(Dataset entries)

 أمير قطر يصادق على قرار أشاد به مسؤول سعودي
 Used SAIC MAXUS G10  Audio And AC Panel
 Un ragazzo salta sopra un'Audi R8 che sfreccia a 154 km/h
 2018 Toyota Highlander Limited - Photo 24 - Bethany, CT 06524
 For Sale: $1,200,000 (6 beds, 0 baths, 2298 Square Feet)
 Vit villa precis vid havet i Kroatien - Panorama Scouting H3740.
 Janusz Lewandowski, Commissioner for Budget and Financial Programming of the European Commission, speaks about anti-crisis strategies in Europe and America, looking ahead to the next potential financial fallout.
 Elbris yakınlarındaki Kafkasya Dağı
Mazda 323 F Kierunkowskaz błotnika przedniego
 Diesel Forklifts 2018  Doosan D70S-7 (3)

YOUR OBJECTIVE. Provide a verbatim copy of all the entries.

ANSWER AREA.
 أمير قطر يصادق على قرار أشاد به مسؤول سعودي
 Used SAIC MAXUS G10  Audio And AC Panel
 Un ragazzo salta sopra un'Audi R8 che sfreccia a 154 km/h
 2018 Toyota Highlander Limited - Photo 24 - Bethany, CT 06524
 For Sale: $1,200,000 (6 beds, 0 baths, 2298 Square Feet)
 Vit villa precis vid havet i Kroatien - Panorama Scouting H3740.
 Janusz Lewandowski, Commissioner for Budget and Financial Programming of the European Commission, speaks about anti-crisis strategies in Europe and America, looking ahead to the next potential financial fallout.
 Elbris yakınlarındaki Kafkasya Dağı
Mazda 323 F Kierunkowskaz błotnika przedniego
 Diesel Forklifts 2018  Doosan D70S-7 (3)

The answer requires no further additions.